Was gut läuft, ist die Ersatzteilbeschaffung über eine Peugeot-J7-Fangruppe im Internet. Beierer, auch Fahrer eines alten Fiat 500, lobt den Zusammenhalt dort. Da werden Teile quer durch Europa beschafft und verschickt. "Die sind unglaublich engagiert und hilfsbereit", sagt der 35-Jährige. Dazu kommt viel Hilfe aus dem Freundes- und Bekanntenkreis: Ein Bekannter hilft beim Schweißen, ein anderer vom Fach hat angeboten, dem alten Transporter in seiner Lackiererei frischen Glanz zu verleihen. Die Farben? Da hat Beierer fast jede Woche eine neue Idee, mal Bordeaux, mal Giftgrün. Doch noch hat er bis zu dieser Entscheidung auch noch ein etwas Zeit.

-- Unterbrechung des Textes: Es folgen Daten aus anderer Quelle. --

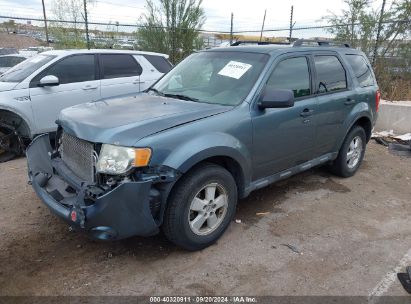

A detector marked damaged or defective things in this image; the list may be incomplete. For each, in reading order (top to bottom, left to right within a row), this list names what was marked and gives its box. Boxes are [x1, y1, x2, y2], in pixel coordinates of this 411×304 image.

Was das Team "Ewwer uff Achse" nicht beeinflussen kann: die Ausbreitung des Corona-Virus. Von Dresden aus führt die Route über Budapest, die Karpaten, Sofia, Tirana und Sarajevo zurück nach Salzburg. 13 Länder heißt 13 unterschiedliche Lagen, Einschätzungen und Bestimmungen. Ob es überhaupt auf Achse gehen kann und die Rallye wie geplant in diesem Jahr stattfindet, steht in den Sternen. Noch halten die Veranstalter an der Ausrichtung fest.

Und so machen auch Beierer und seine Helfer weiter. Das Blech im Innenraum ist inzwischen fast vollständig grundiert. Das Dachfenster, für das extra ein neuer Rahmen zur Stabilisierung geschweißt wurde, muss eingebaut werden. Die Schiebetür auf der Beifahrerseite, aus den Niederlanden geliefert, kommt demnächst dran. Dem Innenausbau des 45 Jahre alten Transporters steht dann fast nichts mehr im Wege.

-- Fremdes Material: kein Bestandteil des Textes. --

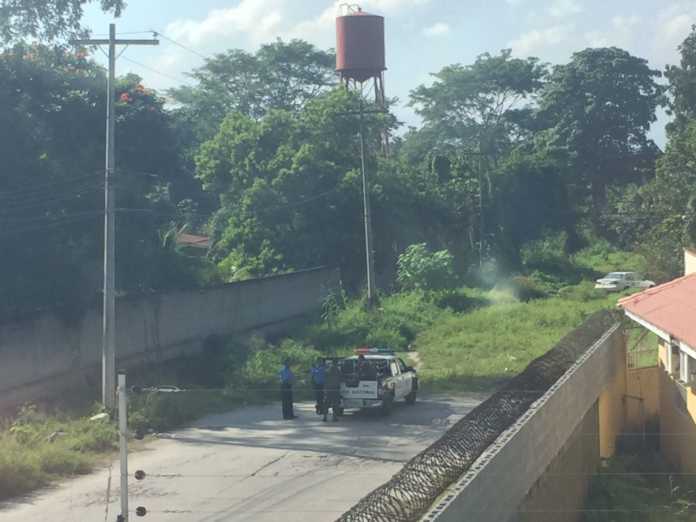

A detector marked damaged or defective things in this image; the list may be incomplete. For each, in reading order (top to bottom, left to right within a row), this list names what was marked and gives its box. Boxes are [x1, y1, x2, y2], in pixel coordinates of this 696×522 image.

rusty water tank [336, 8, 386, 82]
cracked asphalt [0, 394, 482, 520]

Selbst wenn es wegen Corona mit der Rallye selbst dieses Jahr nichts werden sollte: Bis zum Sommer soll der Peugeot dennoch fertig werden. Für einen etwaigen Ausfall des Balkan-Express hat Beierer schon einen pragmatischen Plan B: "Dann stellen wir uns eben mit dem Eiswagen an den Neckarlauer und sammeln da Spenden", so der Hobby-Restaurator.

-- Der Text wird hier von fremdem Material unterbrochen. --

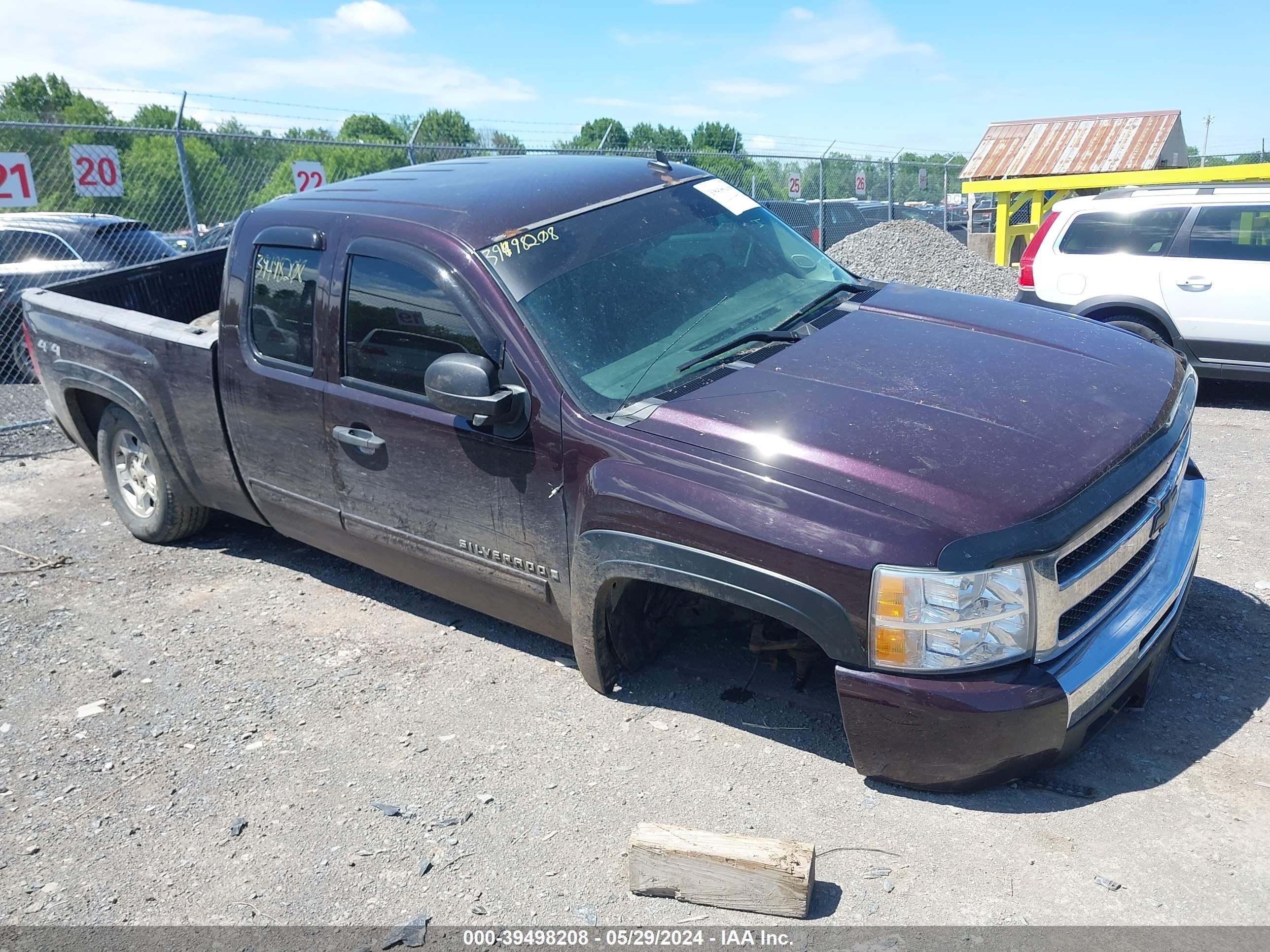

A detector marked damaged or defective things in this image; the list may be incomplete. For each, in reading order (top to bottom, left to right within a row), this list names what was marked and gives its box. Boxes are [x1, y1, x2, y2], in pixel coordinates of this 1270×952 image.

cracked windshield [481, 179, 860, 418]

Da sieht sich Beierer, im Hauptberuf Leiter des Eberbacher Waldkindergartens, auch bei seinen kleinen Fans in der Pflicht: Ein kleines Mädchen sei samstags, während drin gearbeitet wurde, mit den Eltern an der Werkstatt vorbeigelaufen und habe gefragt, was da gemacht wird. Die Eltern erklärten es ihr. "Seither fragt sie, hat mir die Mutter erzählt, fast jeden Tag nach dem Bus", berichtet Beierer.

Info: Eine Spendenseite unter dem Titel "Fahren für den Hospizverein Eberbach" hat das Team online auf betterplace.org eingerichtet.